GET RESOURCE_ACCESS_URI/invoke_processor
?access_token=ACCESS_TOKEN¶meters=JSON_OBJECT_OF_PARAMETERS
If the user has revoked access, the supplied access token has expired, or there are any other problems the resource provider will fail the invocation, issuing an HTTP 400, and returning the following JSON error in the body of the message:
{
"success":false,
"error":"invalid_grant",
"error_description":"Error validating access token."
}
An exact list of error messages and descriptions are specified by the resource provider, and outside the scope of this protocol.

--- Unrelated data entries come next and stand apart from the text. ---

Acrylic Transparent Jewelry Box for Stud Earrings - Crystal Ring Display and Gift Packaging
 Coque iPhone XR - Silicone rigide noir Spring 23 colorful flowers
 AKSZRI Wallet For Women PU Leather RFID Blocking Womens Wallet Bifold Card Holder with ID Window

However, if all is fine, supplied parameters are converted from JSON into python types, fed into the run function of the registered processor (that the Dataware Resource has cross referenced to the supplied access token) and the processor code invoked. The code will be processed and a success message will be returned to the Client (again in JSON), including the results of the processing:
{
"success":true,
"return":JSON_REPRESENTATION_OF_PROCESSOR_OUTPUT
}
If for some reason processing fails (perhaps parameters fail invaraince checks for example), an error message should be returned in the form:
{
"success":false,
"error":"processing_exception",
"error_description":"run-time error running the processor. Invariance checks failed."
}
Again individual resource providers will specify appropriate error messages for their particular implementations.